- **Task goal**
All of the data is to be printed exactly, though the images must be left off.

═════ Given data ═════

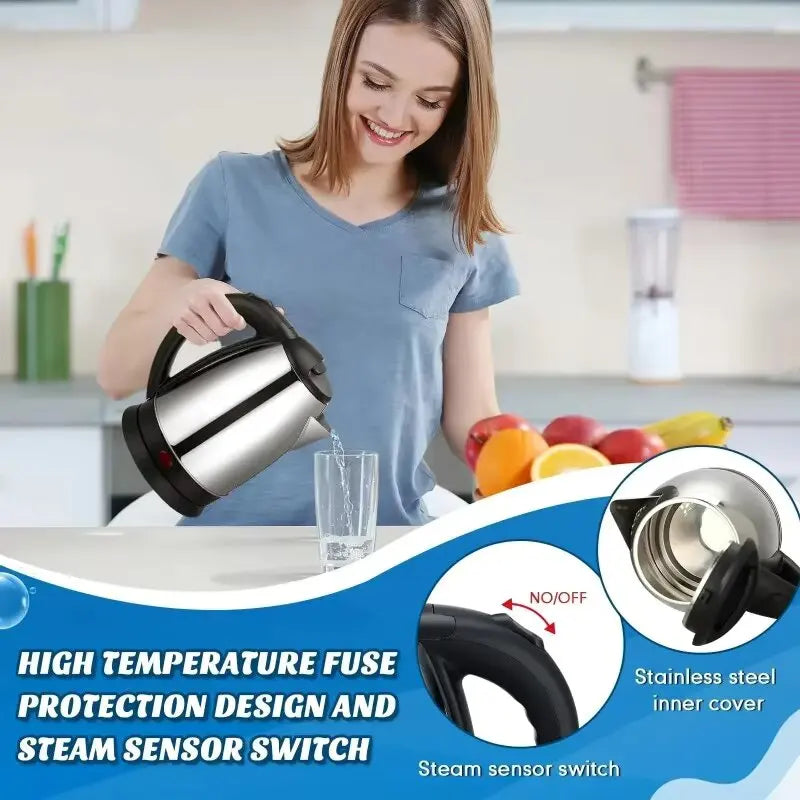 Electric Kettle 2L Hot Water Kettle Stainless Steel Electric Teapot Coffee Tea Beverage Boiler Electric Water Heater 220v/230v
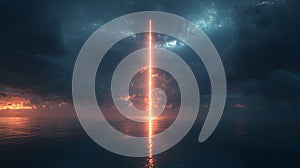 Bright Light Beam in Dramatic Sky Over Water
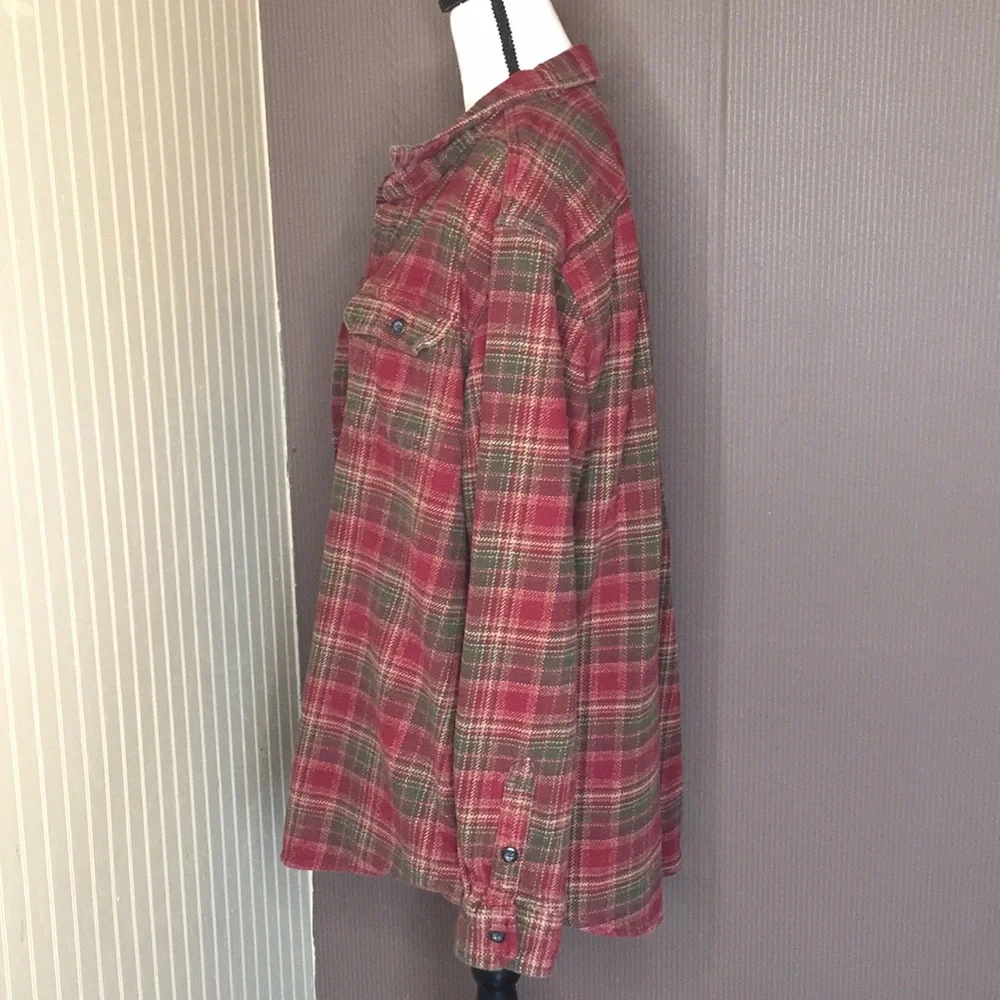 Orvis long sleeve flannel red and green plaid flannel size x large - Picture 4 of 9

═════

- **Solution for this problem**
 Electric Kettle 2L Hot Water Kettle Stainless Steel Electric Teapot Coffee Tea Beverage Boiler Electric Water Heater 220v/230v
 Bright Light Beam in Dramatic Sky Over Water
 Orvis long sleeve flannel red and green plaid flannel size x large - Picture 4 of 9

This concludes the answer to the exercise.